Outcomes For The Team
- Process Improvements: With logic centralized in the warehouse, it was easy to update code with new files and run the changes to flow downstream without breaking pipelines and dashboards.
- Traceability: Having historical copies of manual uploads allowed for explainability for shifting numbers, easing concerns related to data integrity.
- Momentum For Long Term Modeling: Incremental modeling meant still making progress on the foundational model, allowing for a clear path beyond ad-hoc firefighting for monthly reviews.
- Shared Knowledge: Shared documentation with the business allowed for the Head of Data and GM to have more time for broader business initiatives.
- We were ready: As always in data, stakeholders will continue to ask for more. For us, this meant questions around how we can leverage live data with historical data among other questions. Since we allocated time to data modeling, we were ready to go when the businesses needed us, rather than having to catch up later.
A Decision Framework For When To Stabilize vs Invest
So, now you may be wondering how you can apply this to your own organization. My recommendation would be to ask these questions to help pick the right path for you:
- Is there an upcoming, immovable deadline (board meeting, external monthly review)?
- If yes → stabilize enough to ensure consistent numbers for that deadline
- If no → stick to the long-term data model plan. However, I would challenge you to think about how your data roadmap could be broken into bite-sized pieces to reduce bottlenecks that allow stakeholders to start consuming data
- Will a temporary fix create repeated monthly work?
- If yes → prioritize a short fix plus a plan to automate or model in parallel
- If no → allocate resources to implementing your the short term solution; you can pick back up on your long term roadmap shortly after
- Can logic be replicated quickly?
- If yes → replicate logic and processes now, and archive the manual steps; this buys breathing room for long term work as stakeholders can run with what they have
- If no → communicate to your team what and why this will take a long time. Share how logic replication outcomes may still produce challenges going forward; compare this with your long term solution and how it can help fill the gaps; Be sure to consider how your data model can take an agile development approach to reduce bottlenecks
- Does the team have the bandwidth and resources for incremental modeling?
- If yes → Allocate some time (even if just 10%) towards long term modeling. It is entirely possible that because the short term solution won’t solve for all of the problems, the team will quickly begin asking for things that the long term solution will solve for. In these instances, you will be ready!
- If no → Consider allocating all resources to the short term request to resolve as quickly as possible. However, make it clear that the long term request will still be needed to fill gaps shortly after. Don’t forget to explain why and the outcomes for the team.

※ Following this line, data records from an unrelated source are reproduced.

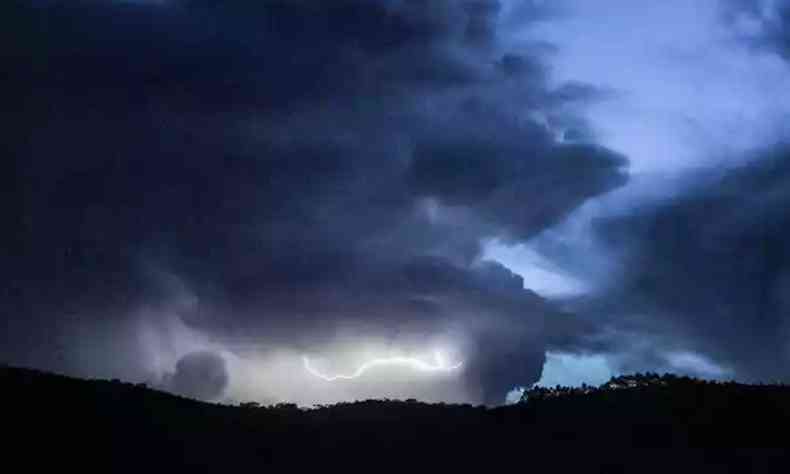 Foto de um cu com nuvens carregadas 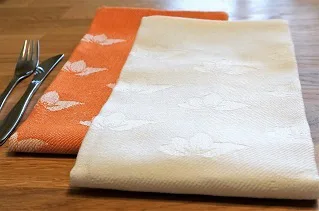 kaksi keittiöpyyhettä pöydällä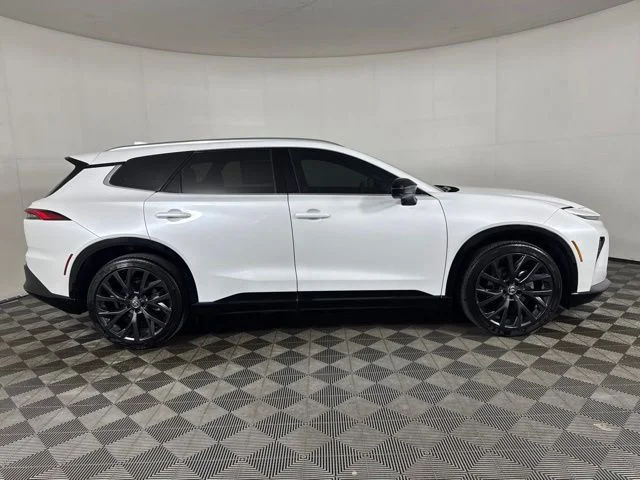 Used 2025 White Toyota Limited image 2
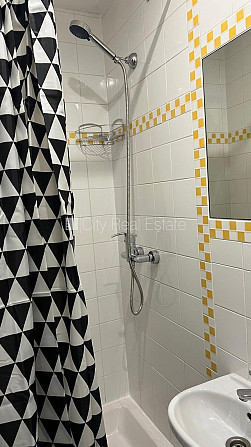 Fasādes māja, renovēta māja, slēgts pagalms, ieeja no ielas, ir lifts, kāpņu telpa pēc Rīga - foto 10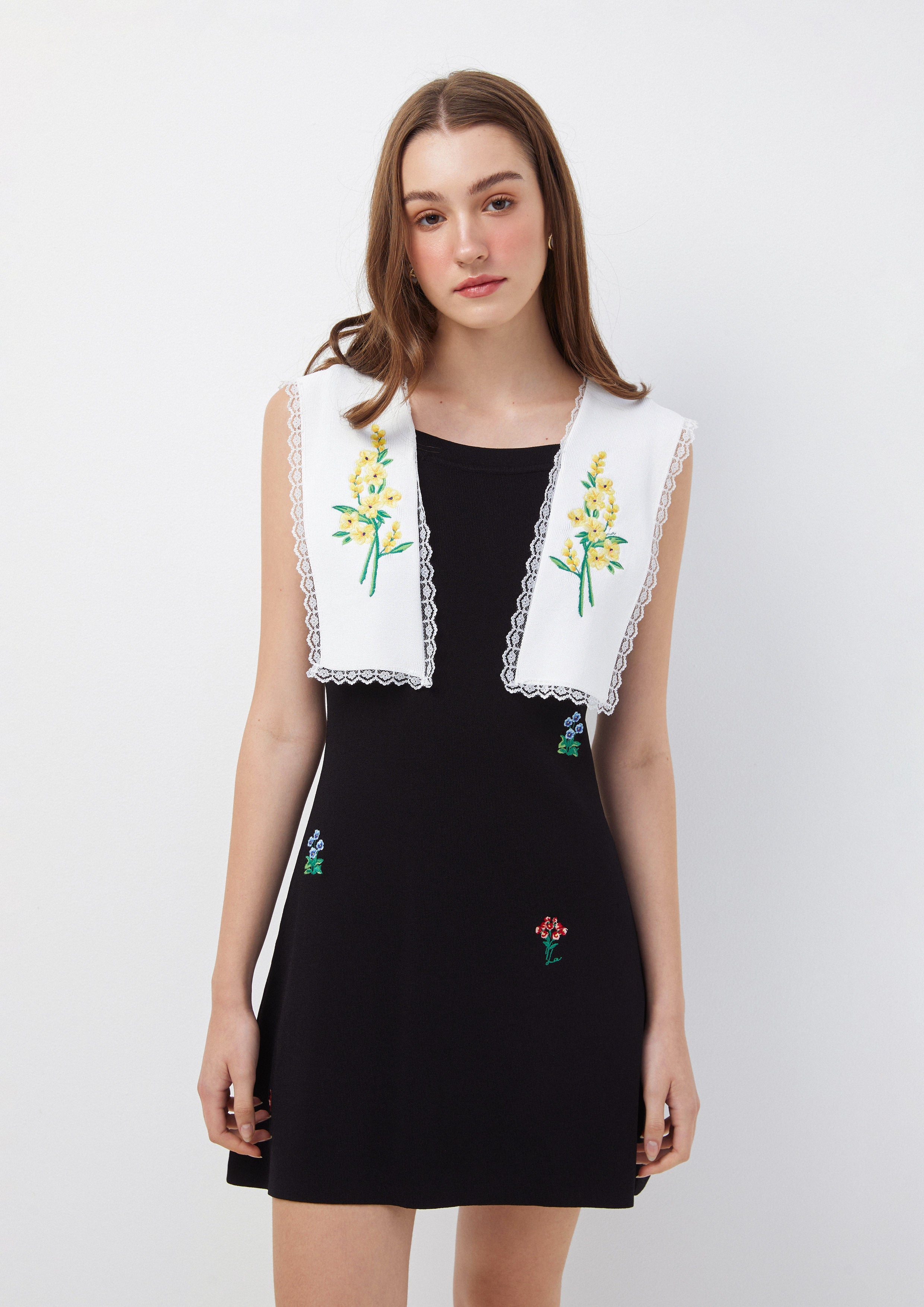 เดรสสั้น ไหมพรม ปกคอลูกไม้ ลายดอกไม้ Time To Grown Up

Defending Your Roadmap and Communicating Process
Once you have decided what path to take, it’s important to replan your data roadmap and communicate with the team. Let the team know how you plan to allocate resources. Share what this looks like for the team week over week, and the outcomes that will be achieved for stakeholders.
Let your team know what the problems are today, how they show up in workflows, how the proposed solution fixes those problems, and where there may still be challenges with each solution (both short and long term).
In the end, the most important thing is clarity, explainability, and confidence in your plan for the team. Short term fixes don’t necessarily mean failure. However, you want to make sure there is a clear path back to the long-term model.